* **TASK TO COMPLETE**
Write out the opening lines of the data word for word, up to and including the line with "Spanish players celebrate", and leave every picture and every later line out.

* **THE DATA**
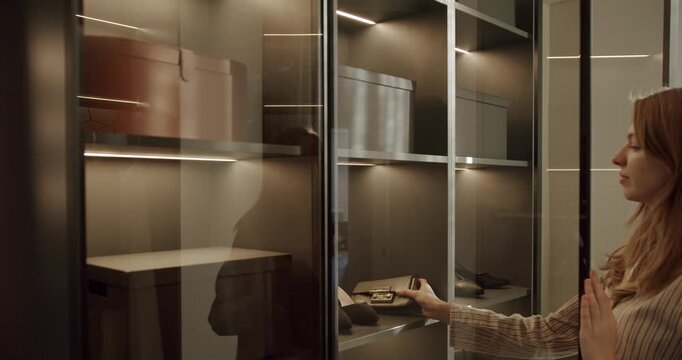 A young woman opens a modern wardrobe with glass doors, revealing organized shelves with shoes, bags, and storage boxes. The wardrobe is illuminated with built-in lighting,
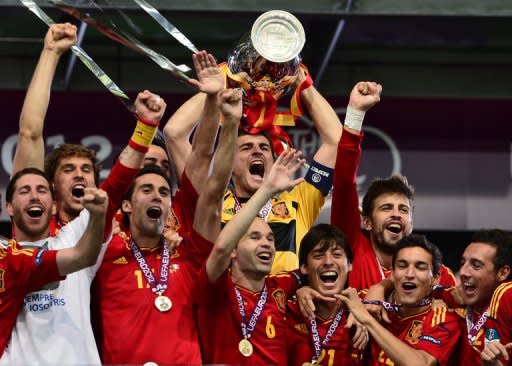 Spanish players celebrate with the trophy after winning the Euro 2012 football championships final match Spain vs Italy on July 1, at the Olympic Stadium in Kiev. By thrashing Italy 4-0 in Sunday's Euro 2012 final in Kiev, Spain staked a claim to the title of the greatest international team of all time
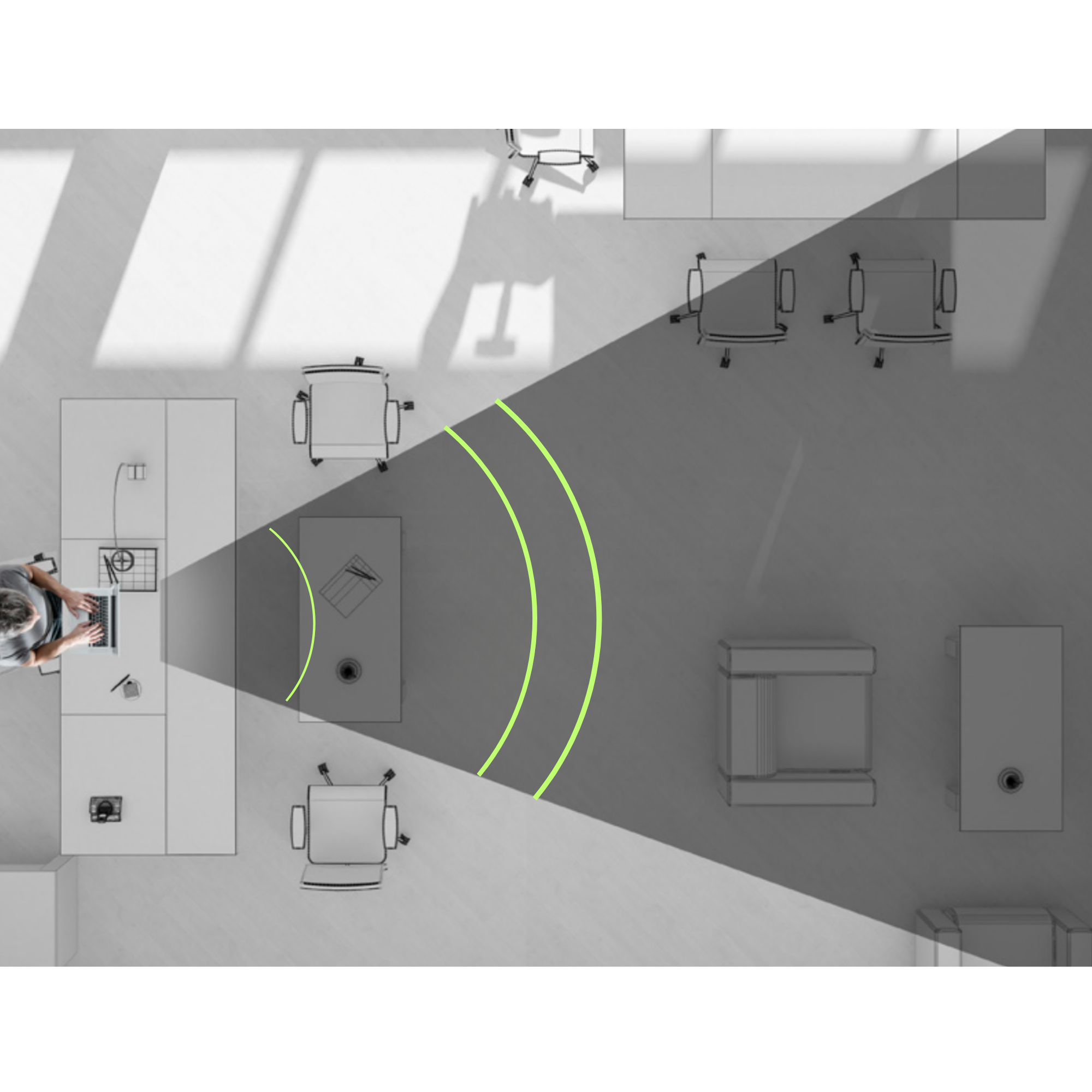 An overhead view of a person using a laptop at a desk, with a spotlight effect projected forward, illuminating a workspace with chairs, tables, and office equipment.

* **SOLUTION TO THIS EXERCISE**
 A young woman opens a modern wardrobe with glass doors, revealing organized shelves with shoes, bags, and storage boxes. The wardrobe is illuminated with built-in lighting,
 Spanish players celebrate with the trophy after winning the Euro 2012 football championships final match Spain vs Italy on July 1, at the Olympic Stadium in Kiev. By thrashing Italy 4-0 in Sunday's Euro 2012 final in Kiev, Spain staked a claim to the title of the greatest international team of all time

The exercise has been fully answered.